7. The primacy of the Grant Park Music Festival: While Highland Park’s Ravinia came through on occasion, only the scrappy Grant Park Music Festival offered 10 solid weeks of top-flight classical orchestral fare all summer. With principal conductor Carlos Kalmar adding the artistic director title and chorus director Christopher Bell joining Kalmar in the second-decade club, the free-concert folks at the Pritzker Pavilion in Millennium Park brought in tens of thousands for challenging programs of Schoenberg, opera excerpts, Verdi, Latin composers and the don’t-tell-me-you’d-ever-heard-of Franz Schmidt’s 1930s oratorio The Book with Seven Seals.
8. The guidance of Paul Lewis: The British pianist continued to make Chicago a base of his ongoing survey of late Schubert works while showing that he is one of the best artists of his generation on any instrument. Never dull, he’s an anchor of the Symphony Center Presents programs and a youthful guide to the core repertoire for new audiences.
9. The ubiquity of Yo-Yo Ma: As the CSO’s first Judson and Joyce Green creative consultant, the international superstar cellist is in and out of Chicago so often that you expect to run into him in line at Potbelly. Whipping up a broad array of formal and informal connections with young musicians and underserved communities, he has adults signing up for his Citizen Musician concept, coaches students one on one, and leads cellphone-driven barn-storming of commuter rail stations. His Youth in Music Festival brought orchestras from Mexico to work and jam with their Civic Orchestra counterparts. And he’s only begun.
10. The rise of Pacifica Quartet: Based at the Universities of Illinois (Urbana-Champaign) and Chicago, the ensemble moves from strength to strength.
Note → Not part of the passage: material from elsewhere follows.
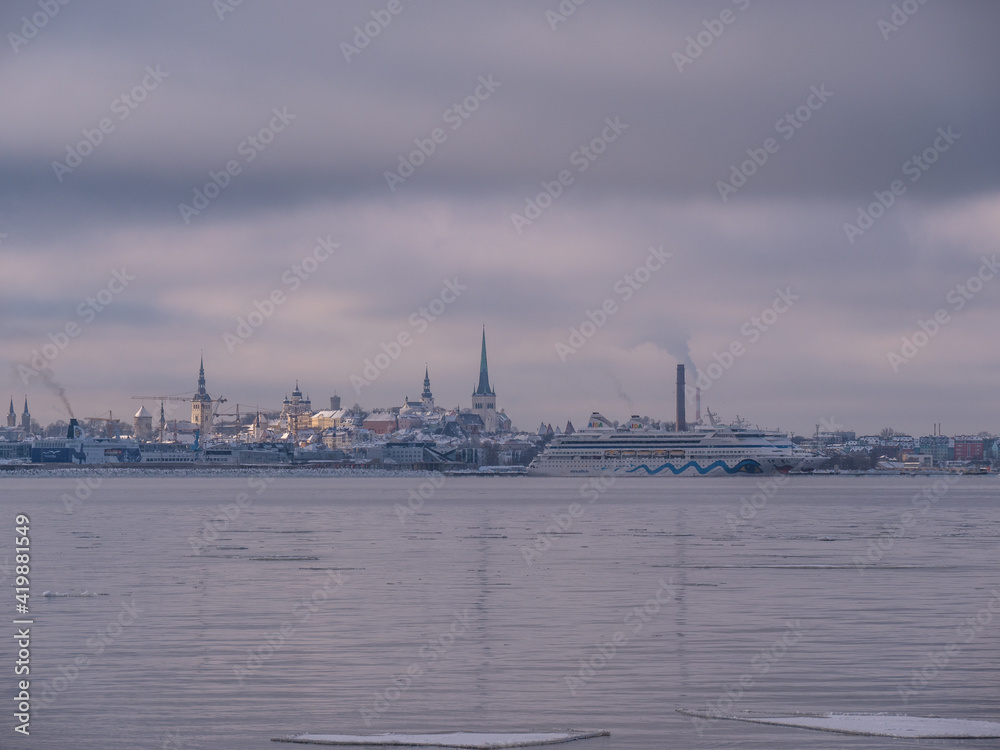 Fototapeta premium Winter Time City Tallinn Estonia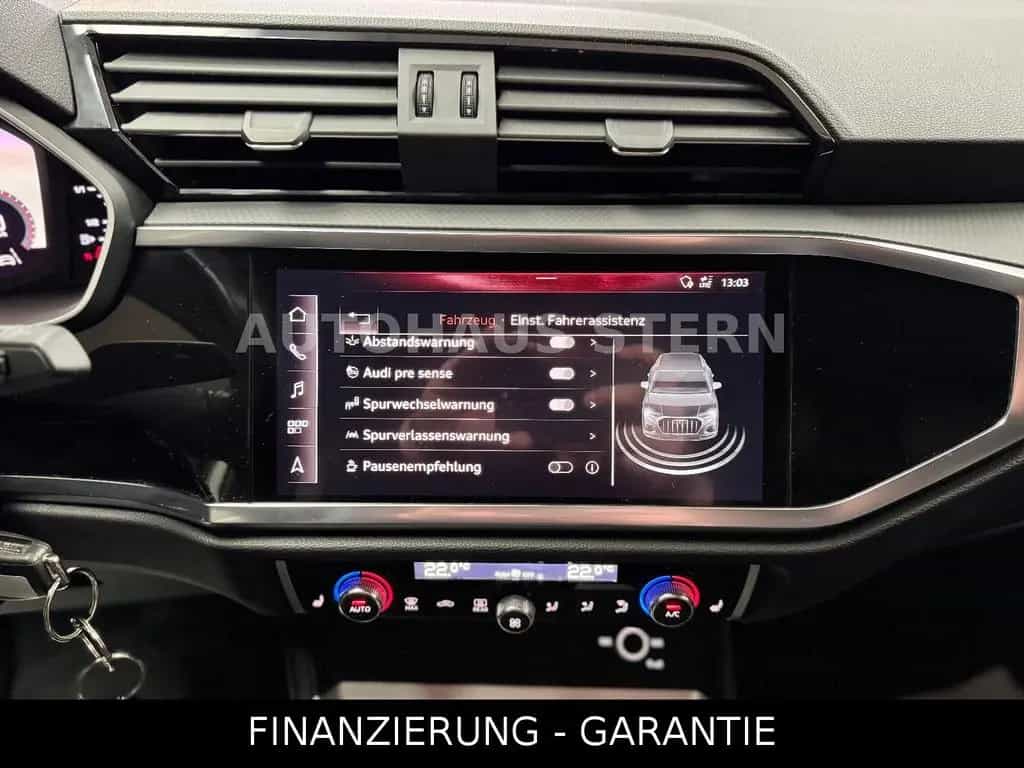 Audi Q3 35 TDI Matrix ACC Kamera Carplay 8fach Spur 04/2019-photo-29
Already known for its daring (a full evening of all six of Elliott Carter’s string quartets?) and stamina (full cycles of Mendelssohn and Beethoven), the Pacifica consolidated its position as one of the country’s top foursomes with its full survey of Shostakovich’s 15 works and the first release in a related CD series on Chicago's Cedille Records (for which it won international praise). All the while in the five-concert Shostakovich series at Roosevelt University's beyond intimate Ganz Hall, Pacifica astonished with its total unity and control and completely fresh presentation of works burdened until now by history and external emotions. And the four remain among the nicest folks you’ll ever meet.
11. An explosion of youth: Chicago now has so many young new music ensembles that no critic can follow all of them. ICE (International Contemporary Ensemble) and eighth blackbird tour nationally and internationally and though most ICE members have migrated to Brooklyn, their presences here are significant and real. Chicago-centered dal niente, Access Contemporary Music, Fifth House, anaphora, and Third Coast Percussion are just some of the now regularly presenting new music groups around town. Meanwhile, enterprising pianist-impresario George LePauw showed that similar work could be done with good ol’ Ludwig van when he staged a weeklong Beethoven festival in Pilsen with the participation and attendance of a multitude of his twentysomething peers.